# Ruger 91DC Field Strip



## TheBlacksmith (Jun 20, 2010)

I've borrowed a friends 91DC (I sold my pistol and am waiting for my new SR9 to come in). It is FILTHY! But he's never had it apart and I'm not sure how. The takedown pin assy feels like it's in a bind when trying to push/pull it out.

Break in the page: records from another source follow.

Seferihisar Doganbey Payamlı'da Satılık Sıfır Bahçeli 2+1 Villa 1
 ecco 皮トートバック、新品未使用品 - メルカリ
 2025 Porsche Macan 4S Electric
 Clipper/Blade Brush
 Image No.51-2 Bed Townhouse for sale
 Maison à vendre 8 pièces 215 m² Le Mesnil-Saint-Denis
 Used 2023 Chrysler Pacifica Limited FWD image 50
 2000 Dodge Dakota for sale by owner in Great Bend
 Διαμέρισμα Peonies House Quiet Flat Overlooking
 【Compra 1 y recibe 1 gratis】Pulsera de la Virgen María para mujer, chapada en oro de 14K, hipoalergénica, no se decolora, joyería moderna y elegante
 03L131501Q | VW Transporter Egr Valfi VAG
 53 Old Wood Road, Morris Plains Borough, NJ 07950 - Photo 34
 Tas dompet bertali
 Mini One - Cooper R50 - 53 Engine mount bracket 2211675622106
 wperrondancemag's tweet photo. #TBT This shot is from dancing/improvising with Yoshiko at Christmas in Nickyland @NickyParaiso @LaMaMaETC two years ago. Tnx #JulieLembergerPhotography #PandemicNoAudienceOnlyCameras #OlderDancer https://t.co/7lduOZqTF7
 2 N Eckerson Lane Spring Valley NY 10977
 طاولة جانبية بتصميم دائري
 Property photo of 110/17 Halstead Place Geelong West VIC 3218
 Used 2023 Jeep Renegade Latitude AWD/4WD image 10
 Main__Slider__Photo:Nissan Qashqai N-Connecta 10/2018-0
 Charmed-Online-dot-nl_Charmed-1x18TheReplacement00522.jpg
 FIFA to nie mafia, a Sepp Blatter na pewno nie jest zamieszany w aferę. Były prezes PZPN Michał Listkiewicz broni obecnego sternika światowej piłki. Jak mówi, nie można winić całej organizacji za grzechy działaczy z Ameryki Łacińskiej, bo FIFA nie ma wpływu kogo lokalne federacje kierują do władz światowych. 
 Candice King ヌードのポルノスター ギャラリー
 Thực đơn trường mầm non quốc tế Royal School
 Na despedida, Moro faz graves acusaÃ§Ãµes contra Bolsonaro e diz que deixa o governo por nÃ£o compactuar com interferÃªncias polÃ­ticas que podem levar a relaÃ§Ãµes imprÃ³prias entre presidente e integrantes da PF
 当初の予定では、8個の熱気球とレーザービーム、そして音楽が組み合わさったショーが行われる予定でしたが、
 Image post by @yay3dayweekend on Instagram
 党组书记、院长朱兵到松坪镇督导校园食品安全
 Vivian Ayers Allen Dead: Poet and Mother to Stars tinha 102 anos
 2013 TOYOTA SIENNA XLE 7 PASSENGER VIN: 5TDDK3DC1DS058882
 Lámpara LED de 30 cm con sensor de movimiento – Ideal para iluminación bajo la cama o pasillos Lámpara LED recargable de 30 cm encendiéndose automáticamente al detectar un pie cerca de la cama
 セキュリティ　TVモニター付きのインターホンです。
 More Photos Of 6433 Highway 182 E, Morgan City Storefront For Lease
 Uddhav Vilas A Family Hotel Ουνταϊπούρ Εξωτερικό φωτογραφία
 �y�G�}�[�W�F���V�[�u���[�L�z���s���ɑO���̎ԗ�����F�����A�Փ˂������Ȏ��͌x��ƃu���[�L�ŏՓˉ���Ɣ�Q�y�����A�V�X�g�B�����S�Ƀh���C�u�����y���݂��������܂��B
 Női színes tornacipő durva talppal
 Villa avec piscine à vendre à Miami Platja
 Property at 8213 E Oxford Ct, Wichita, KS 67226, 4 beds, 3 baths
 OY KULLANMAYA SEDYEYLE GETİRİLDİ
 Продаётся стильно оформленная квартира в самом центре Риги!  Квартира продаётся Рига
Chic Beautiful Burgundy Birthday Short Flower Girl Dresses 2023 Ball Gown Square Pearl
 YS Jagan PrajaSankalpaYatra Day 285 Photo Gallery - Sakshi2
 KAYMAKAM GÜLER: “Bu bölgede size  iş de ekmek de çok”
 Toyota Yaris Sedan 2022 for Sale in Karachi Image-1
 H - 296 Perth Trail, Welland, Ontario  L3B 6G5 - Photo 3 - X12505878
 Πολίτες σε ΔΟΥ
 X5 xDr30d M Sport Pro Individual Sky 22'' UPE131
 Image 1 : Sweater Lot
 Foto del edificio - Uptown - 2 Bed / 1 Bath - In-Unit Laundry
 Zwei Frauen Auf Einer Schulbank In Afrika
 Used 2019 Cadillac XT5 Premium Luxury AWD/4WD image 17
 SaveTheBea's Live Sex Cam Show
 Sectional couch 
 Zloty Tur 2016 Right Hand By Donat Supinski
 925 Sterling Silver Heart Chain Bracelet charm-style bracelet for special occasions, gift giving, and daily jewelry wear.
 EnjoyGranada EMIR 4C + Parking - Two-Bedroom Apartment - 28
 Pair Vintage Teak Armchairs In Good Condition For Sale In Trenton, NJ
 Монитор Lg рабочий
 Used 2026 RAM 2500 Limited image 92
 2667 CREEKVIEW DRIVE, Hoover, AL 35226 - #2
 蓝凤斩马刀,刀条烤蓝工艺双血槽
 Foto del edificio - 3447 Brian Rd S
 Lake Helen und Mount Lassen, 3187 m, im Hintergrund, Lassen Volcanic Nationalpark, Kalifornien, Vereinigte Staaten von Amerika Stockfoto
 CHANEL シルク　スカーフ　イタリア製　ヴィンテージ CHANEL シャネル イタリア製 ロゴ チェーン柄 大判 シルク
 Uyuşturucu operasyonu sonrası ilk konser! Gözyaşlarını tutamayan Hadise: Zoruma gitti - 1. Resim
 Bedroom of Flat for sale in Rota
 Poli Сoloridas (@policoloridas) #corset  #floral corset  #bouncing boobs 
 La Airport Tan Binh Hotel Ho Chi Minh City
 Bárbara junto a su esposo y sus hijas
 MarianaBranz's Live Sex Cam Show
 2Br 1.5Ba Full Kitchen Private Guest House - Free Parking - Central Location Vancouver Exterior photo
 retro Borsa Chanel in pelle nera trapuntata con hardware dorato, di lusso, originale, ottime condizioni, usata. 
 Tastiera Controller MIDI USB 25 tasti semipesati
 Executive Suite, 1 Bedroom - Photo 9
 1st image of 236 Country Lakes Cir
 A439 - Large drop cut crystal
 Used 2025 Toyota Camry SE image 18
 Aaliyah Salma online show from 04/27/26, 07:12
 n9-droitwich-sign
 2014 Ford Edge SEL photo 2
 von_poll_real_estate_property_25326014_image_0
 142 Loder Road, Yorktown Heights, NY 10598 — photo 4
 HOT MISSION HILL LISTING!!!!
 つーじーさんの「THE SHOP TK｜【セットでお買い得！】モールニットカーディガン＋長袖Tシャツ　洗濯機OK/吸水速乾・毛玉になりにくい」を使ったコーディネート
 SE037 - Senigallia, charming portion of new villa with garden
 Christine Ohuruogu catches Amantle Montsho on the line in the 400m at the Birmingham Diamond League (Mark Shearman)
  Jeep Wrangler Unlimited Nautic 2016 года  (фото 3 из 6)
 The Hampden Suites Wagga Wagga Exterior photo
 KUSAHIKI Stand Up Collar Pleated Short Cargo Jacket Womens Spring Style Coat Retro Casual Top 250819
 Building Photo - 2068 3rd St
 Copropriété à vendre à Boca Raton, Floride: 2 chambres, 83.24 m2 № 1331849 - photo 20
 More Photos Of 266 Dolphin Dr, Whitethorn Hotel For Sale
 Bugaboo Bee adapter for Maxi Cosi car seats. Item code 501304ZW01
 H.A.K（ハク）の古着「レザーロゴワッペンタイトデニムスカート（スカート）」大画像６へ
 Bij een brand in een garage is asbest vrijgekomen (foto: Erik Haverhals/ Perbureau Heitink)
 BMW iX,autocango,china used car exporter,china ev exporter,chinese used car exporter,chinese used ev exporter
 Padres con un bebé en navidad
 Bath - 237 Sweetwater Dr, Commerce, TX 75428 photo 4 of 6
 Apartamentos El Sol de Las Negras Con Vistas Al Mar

Can someone direct me to an instruction on this field strip or give me directions?

Thanks in advance.

Danny


----------



## DJ Niner (Oct 3, 2006)

Prior to pushing out the slide stop, you have to tip the ejector assembly down to free the slide stop for removal. 
Please note that the slide stop WILL NOT come completely out of the frame, like many other guns;
it stops in the fully extended position, allowing disassembly, but remains in the frame.
Disassembly instructions start on page 15 of the manual (linked from Ruger's website):

http://www.ruger.com/products/_manuals/pSeriesDecocker.pdf

I recommend paying close attention to step #3. A friend of mine didn't, and he regretted it quite a bit. 
If you give it a chance, it WILL bite you -- hard.

Good luck and happy cleaning!


----------



## TheBlacksmith (Jun 20, 2010)

DJ, Thanks so much!


----------